In The Tragedy of Needless Pain published in Scientific American in February 1990, Ronald Melzack argued that morphine taken solely to control pain was not addictive, asserting that “Addiction seems to arise in only some fraction of users who take the drug for its psychological effects.” As evidence, he cited a “study” by Jane Porter and

Hershel Jick, M.D. published in the New England Journal of Medicine in which only four of 11,882 patients using narcotic drugs in a hospital setting became addicted.

In 1995, James Campbell, president of the American Pain Society, proposed that pain be counted as the fifth vital sign. By 2001, the Joint Commission on the Accreditation of Healthcare Organizations (JCAHO, now The Joint Commission) had added pain assessment for all patient visits as one of its standards.

The timing was nearly perfect for Purdue Pharma’s introduction of Oxycontin, its patented Schedule II sustained-release oxycodone formulation in 1995.

Unlike other drugs in its category, Oxycontin only needed to be taken every 12 hours, not every four. But what really set it apart from its competitors was that Oxycontin debuted on the market with a unique label from the FDA reading, “Delayed absorption as provided by Oxycontin tablets is believed to reduce the abuse liability of a drug.”

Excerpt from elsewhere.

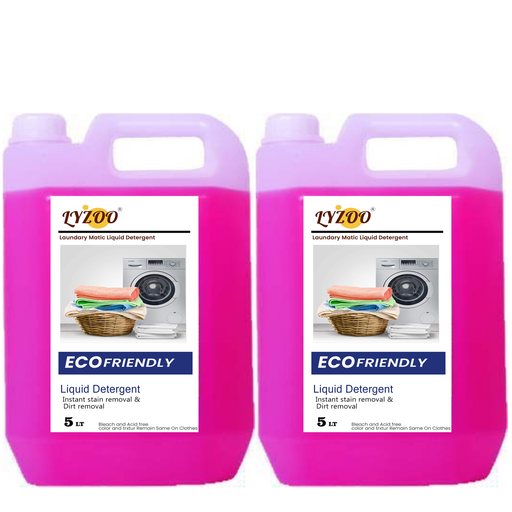 LYZOO Liquid Detergent 5 Liter | Laundry Liquid For Fabric Care | Liquid Detergent For Top Load And Front Load Washing Machine 5 lt ( Buy 1 Get 1 Free)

For physicians balancing new responsibilities for pain management against longstanding wariness of opioids, Oxycontin seemed the perfect solution. According to the Government Accountability Office, by 2003, “nearly half of all OxyContin prescribers were primary care physicians.”

Regrettably, much of the data in which physicians had placed their trust wasn’t true or had been incorrectly represented. The Porter Jick study had been little more than a letter to the editor, not a randomized controlled trial.

The FDA had been misled in granting the special label, and Purdue Pharma had not shared feedback from clinicians and communities regarding the impact of the drug. According to the GAO, the drug’s safety warning “advising patients not to crush the tablets because of the possible rapid release of a potentially toxic amount of oxycodone may have inadvertently alerted abusers to methods for abuse.”

America’s opioid epidemic has taken hundreds of thousands lives, shattered families and communities and is estimated to cost over $1.5 trillion annually.

Avoiding and eliminating ineffective treatments

There is a growing movement to identify and eliminate ineffective medical treatments.

In January 2010, the New England Journal of Medicine published a Perspective piece by Howard Brody, M.D., Ph.D., in which the bioethicist and physician argued that “U.S. physicians could do a great deal to control costs if they were willing to practice more in accordance with evidence-based guidelines.”

Brody called upon fellow clinicians to identify the top five diagnostic tests or treatments within each medical specialty which were “among the most expensive services provided, and that have been shown by the currently available evidence not to provide any meaningful benefit to at least some major categories of patients for whom they are commonly ordered.”

Meant to engage physicians in the effort to reduce healthcare costs, Brody’s essay became the impetus for the National Internal Medicine Foundation’s Choosing Wisely initiative. The Choosing Wisely website offers advice for physicians and patients in identifying and choosing care that is evidence-based and cost effective.

Change can be difficult. And clinicians are not immune from the psychological discomfort of cognitive dissonance, which can force individuals to double down on their beliefs when confronted with contradicting evidence.

In an interview with PBS Newshour, one physician reassessing what he had been taught in his medical training observed that, “Well, first you have to have some humility. That’s hard right there. And then one has to change…  if you have science that backs you up then you change.”